A tactic that I’ve found extremely helpful in reaching out is going to the blogroll of beta testers to find new blogs. This gives me a good way to begin my email—explaining that I came to their blog via a peer blog linking to them that they’re likely to know. Similarly, I mention a recent post of the blogger’s that I liked or found useful. The idea is to make the email seem more personalized and less like a blast or spam email. Additionally, if they know that a peer blog is testing the tool, they’re more likely to sign up for the beta as well. This is social proof in action. It’s also advantageous to us because 2 blogs that link to one another are likely to share some readers, and the more we saturate similar blogs with our tool, the more likely we are to gain active users of the Edit Huddle tool. If I saw a new utility like Edit Huddle on one blog I read, I might not pay much attention to it, but when it’s on three of them, I’m more apt to check it out. 

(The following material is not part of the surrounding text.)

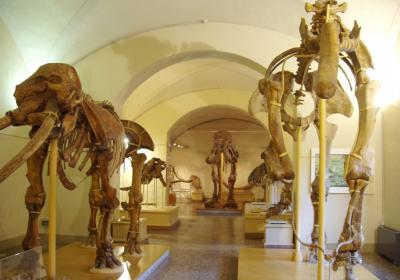 Trieste Natural History Museum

While the majority of the people we’ve reached out to can be slotted into one of the three categories I mentioned, we have also ventured into other sectors, in order to have breadth as well as depth. We have some professional blogs (http://www.webworkerdaily.com, http://younggogetter.com), some marketing blogs (http://www.ducttapemarketing.com, http://www.nonprofitmarketingblog.com), and even an inquiry from the largest blogging platform in the world. All told, we have 25 blogs on deck for the Edit Huddle beta. We plan to continue pursuing bloggers along our three prongs as we build more traction, and we will also the test the interest of other blog sectors.